Vacuum versus sweeping gas operation for binary mixtures separation by dense membrane processes

When a gaseous phase takes place at the downstream side of a membrane separation process, two distinct options can be schematically operated in order to induce a driving force from that side: apply a lower pressure than the upstream one (thanks to a vacuum pump for instance), or exert a diluting effect by an inert gas sweep (under higher total downstream pressure conditions). The pros and cons of these two alternatives, particularly in terms of overall energy consumption, are often questioned, for instance for pervaporation applications where the first one (vacuum) is most often chosen but has never been systematically compared to the second one (sweeping gas). A simplified analysis of the above question is presented in this work. Based on a theoretical framework, which has been recently proposed, an easy to handle analytical solution to this problem is obtained. This expression enables the energy consumption under similar separation performances to be computed, providing that the permeabilities of the two compounds of the feed mixture remain constant.
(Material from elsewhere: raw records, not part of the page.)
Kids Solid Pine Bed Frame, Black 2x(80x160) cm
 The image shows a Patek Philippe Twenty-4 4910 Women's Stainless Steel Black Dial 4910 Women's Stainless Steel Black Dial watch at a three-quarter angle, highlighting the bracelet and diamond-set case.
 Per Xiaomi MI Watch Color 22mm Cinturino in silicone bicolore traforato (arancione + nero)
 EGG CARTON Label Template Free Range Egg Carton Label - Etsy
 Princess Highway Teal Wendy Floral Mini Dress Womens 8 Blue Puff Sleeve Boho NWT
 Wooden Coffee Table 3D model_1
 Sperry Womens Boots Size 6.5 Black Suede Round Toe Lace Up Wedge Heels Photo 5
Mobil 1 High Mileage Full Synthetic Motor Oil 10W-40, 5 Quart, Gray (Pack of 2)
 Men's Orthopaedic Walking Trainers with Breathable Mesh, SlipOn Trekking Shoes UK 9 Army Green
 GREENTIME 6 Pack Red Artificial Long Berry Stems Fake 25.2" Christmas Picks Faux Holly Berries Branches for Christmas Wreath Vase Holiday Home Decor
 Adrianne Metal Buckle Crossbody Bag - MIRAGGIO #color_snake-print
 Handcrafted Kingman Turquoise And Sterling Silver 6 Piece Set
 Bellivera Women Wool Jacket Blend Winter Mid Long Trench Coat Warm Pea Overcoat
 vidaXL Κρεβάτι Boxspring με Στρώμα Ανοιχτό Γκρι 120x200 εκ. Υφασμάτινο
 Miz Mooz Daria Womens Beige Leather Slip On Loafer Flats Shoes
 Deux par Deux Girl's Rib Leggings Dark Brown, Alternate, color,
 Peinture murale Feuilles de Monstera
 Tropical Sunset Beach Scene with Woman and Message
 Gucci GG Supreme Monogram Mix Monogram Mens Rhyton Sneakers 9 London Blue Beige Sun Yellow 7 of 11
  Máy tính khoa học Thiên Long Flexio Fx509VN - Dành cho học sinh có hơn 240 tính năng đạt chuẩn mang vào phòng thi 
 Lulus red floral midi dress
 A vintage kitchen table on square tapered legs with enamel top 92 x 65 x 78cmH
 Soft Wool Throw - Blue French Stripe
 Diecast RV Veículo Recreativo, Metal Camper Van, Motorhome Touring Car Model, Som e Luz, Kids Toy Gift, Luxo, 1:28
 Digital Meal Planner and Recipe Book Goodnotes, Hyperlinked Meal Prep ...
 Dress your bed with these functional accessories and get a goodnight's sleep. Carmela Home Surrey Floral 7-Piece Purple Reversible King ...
More specifically, it is shown that the energy consumption versus total downstream pressure curve shows invariably an asymmetrical bell shape with a maximum located at a fixed position. Operating conditions leading to minimal work of pumping will always be located at one of the two limits of the curve, that is to say either for low vacuum or high flowrate gas sweeping conditions. Nevertheless, taking into account the overall work of separation (i.e. the work needed for pure compounds recovery) clearly plays in favor of the vacuum operation.